### Problem requirements:
Pictures stay out of the copy. Retype exactly the lines below from the one with "Top-down view of" through the one with "2 dormitorios, tabla".

### Exercise inputs:
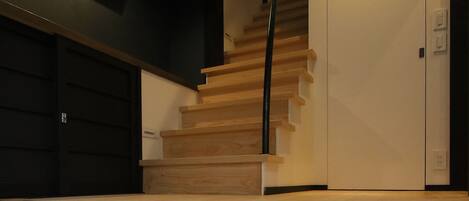 A staircase with wooden steps and a metal railing, leading to a white door.
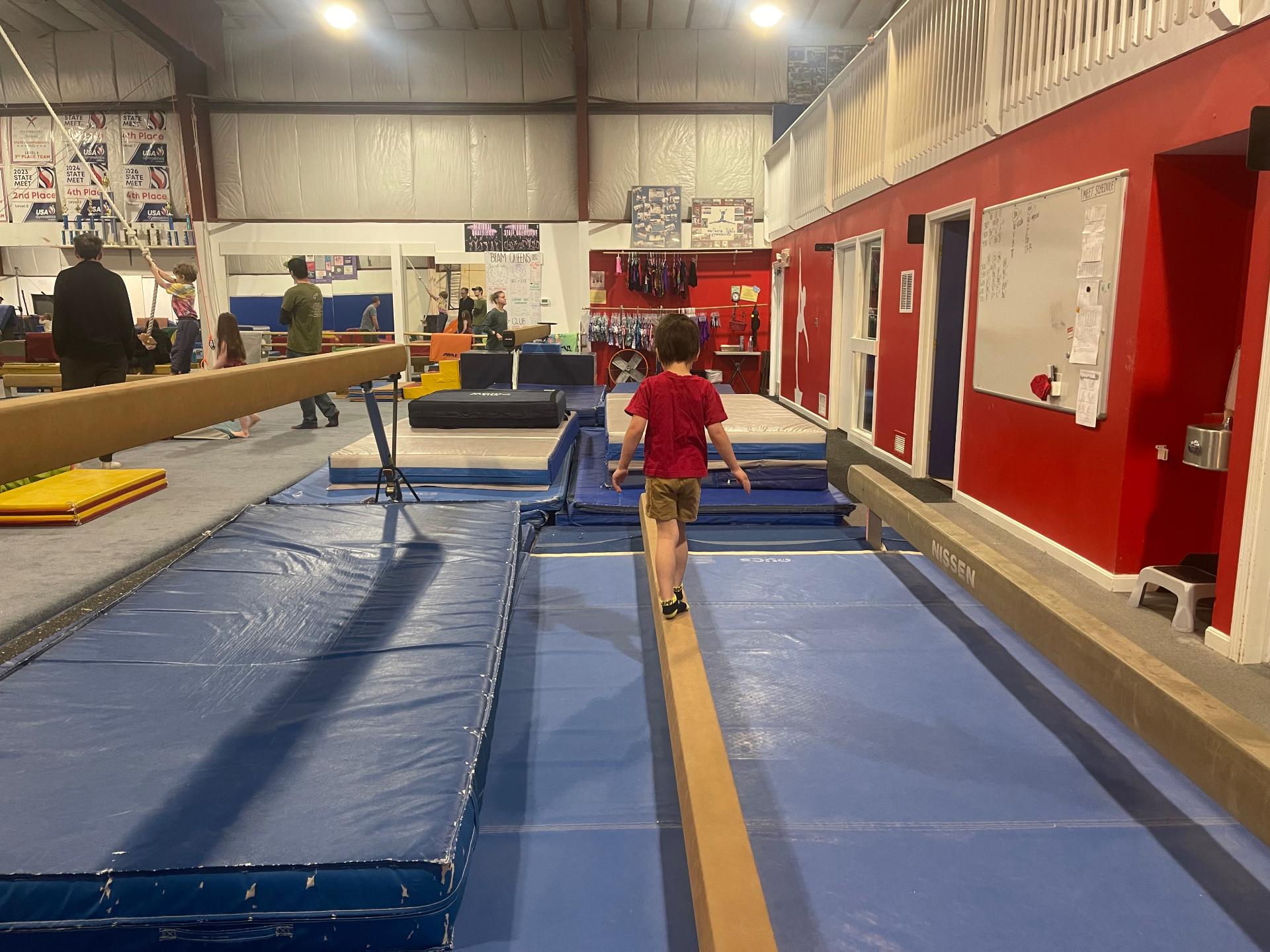 Noah walking the balance beam over blue mats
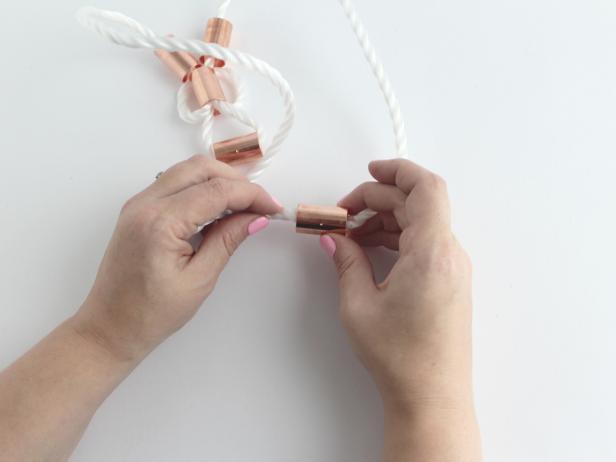 Then glue the right rope end into the right side of the piece. This is finishing off the necklace.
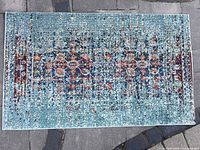 Top-down view of rectangular blue multi-color patterned rug manufactured by Safavieh.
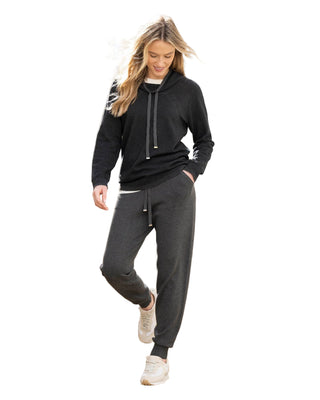 Woman in black hoodie and gray pants walking up stone steps.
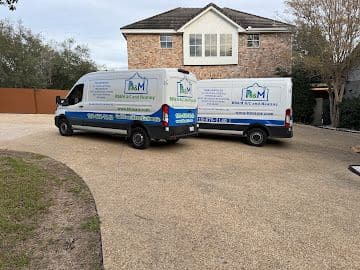 Two BB&M AC and Heating service vans parked at a residential HVAC job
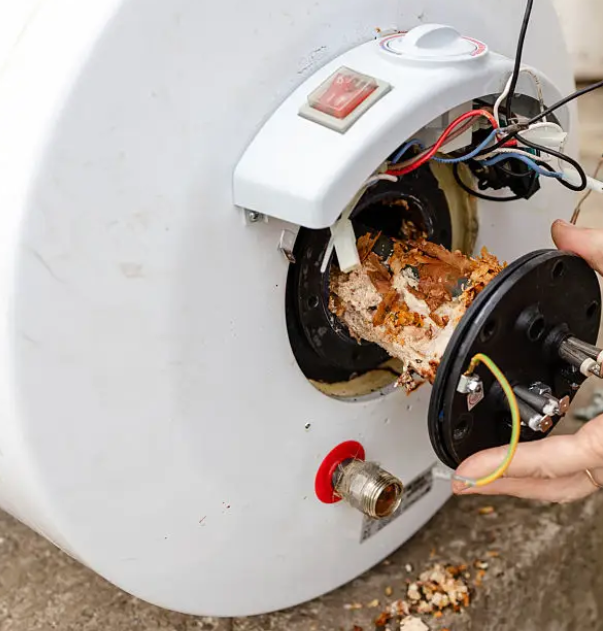 Heavy scale and sediment on a water heater element removed during service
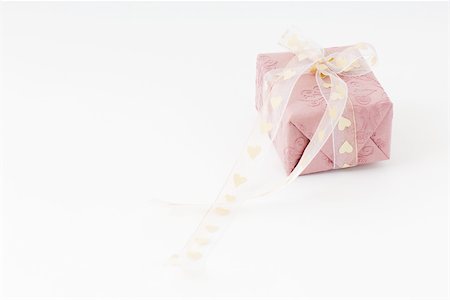 Wrapped gift with heart ribbon Stock Photo - Premium Royalty-Free, Code: 696-03396078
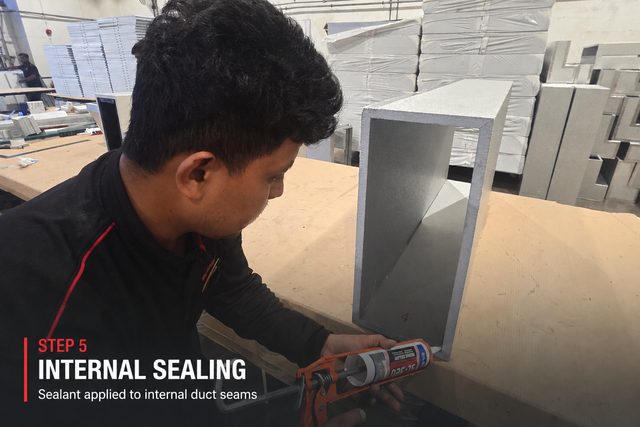 Step 5, internal sealing: a fabricator running a sealant gun along the inside corner of a finished duct section. Sealant applied to internal duct seams.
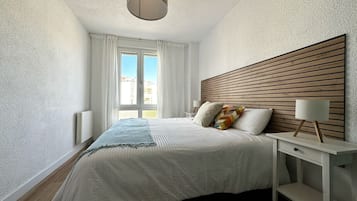 2 dormitorios, tabla de planchar con plancha, ropa de cama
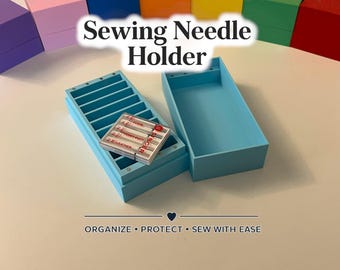 May include: A light blue sewing needle holder with the text "Sewing Needle Holder". The open container has multiple slots for needles, and a package of needles rests inside. The text "ORGANIZE • PROTECT • SEW WITH EASE" is at the bottom.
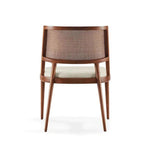 Rear angled view of the Twickenham dining chair showing its woven backrest, curved wooden frame and cream cushioned seat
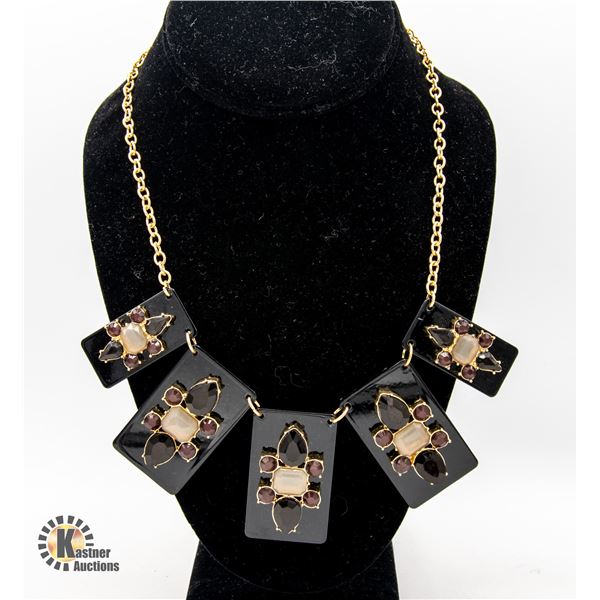 19  GOLD TONE NECKLACE W/ BLACK ACRYLIC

### Exercise answer:
 Top-down view of rectangular blue multi-color patterned rug manufactured by Safavieh.
 Woman in black hoodie and gray pants walking up stone steps.
 Two BB&M AC and Heating service vans parked at a residential HVAC job
 Heavy scale and sediment on a water heater element removed during service
 Wrapped gift with heart ribbon Stock Photo - Premium Royalty-Free, Code: 696-03396078
 Step 5, internal sealing: a fabricator running a sealant gun along the inside corner of a finished duct section. Sealant applied to internal duct seams.
 2 dormitorios, tabla de planchar con plancha, ropa de cama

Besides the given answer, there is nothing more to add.